● **WORK INSTRUCTIONS**
From the first line to the last, copy the listing exactly and omit the images.

● **INFORMATION SUPPLIED**
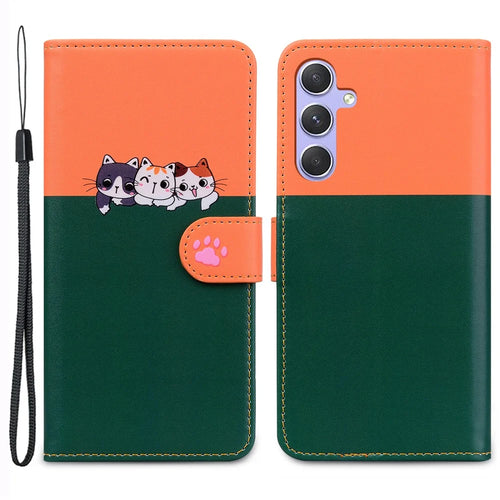 Cartoon Pet Series for Samsung Galaxy A54 5G Case Animal Pattern Phone Leather Cover - Blackish Green - 1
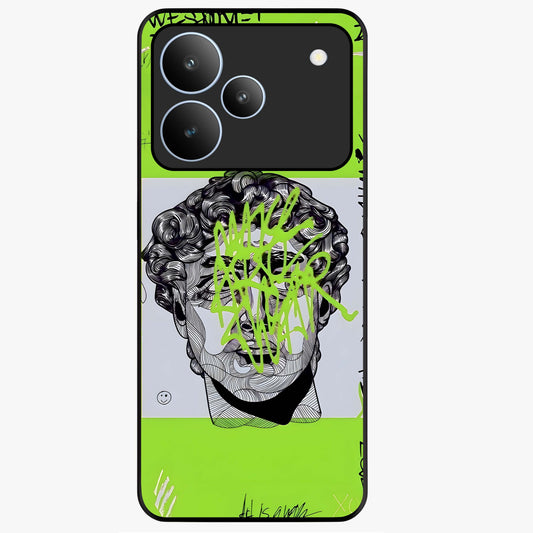 Neo Graffiti Rebellion Glass Case showing flat back view with vibrant graffiti artwork and glossy glass finish.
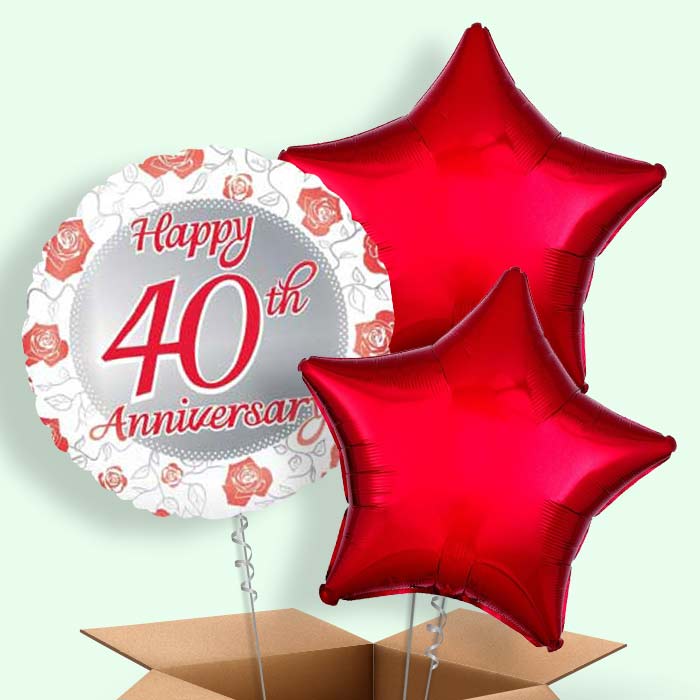 40th Wedding Anniversary Balloons in a Box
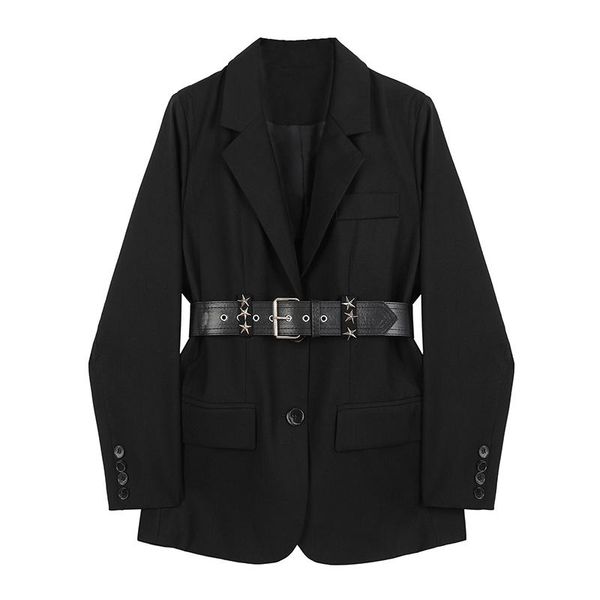women's suits & blazers 2021 autumn blazer coat black women pocket little star belt waist is thinner loose turn-down collar long sleeve, White;black
women's suits & blazers 2021 autumn blazer coat black women pocket little star belt waist is thinner loose turn-down collar long sleeve, White;black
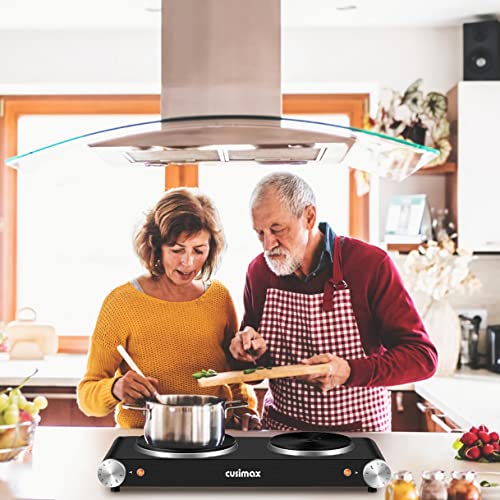 Hot Plate for Cooking 1800W Portable Electric Double Burner Countertop Cooktop Cast Iron Stove Heating Plate with 7 Power Levels Adjustable Temp Control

● **ANSWER BOX**
 Cartoon Pet Series for Samsung Galaxy A54 5G Case Animal Pattern Phone Leather Cover - Blackish Green - 1
 Neo Graffiti Rebellion Glass Case showing flat back view with vibrant graffiti artwork and glossy glass finish.
 40th Wedding Anniversary Balloons in a Box
women's suits & blazers 2021 autumn blazer coat black women pocket little star belt waist is thinner loose turn-down collar long sleeve, White;black
women's suits & blazers 2021 autumn blazer coat black women pocket little star belt waist is thinner loose turn-down collar long sleeve, White;black
 Hot Plate for Cooking 1800W Portable Electric Double Burner Countertop Cooktop Cast Iron Stove Heating Plate with 7 Power Levels Adjustable Temp Control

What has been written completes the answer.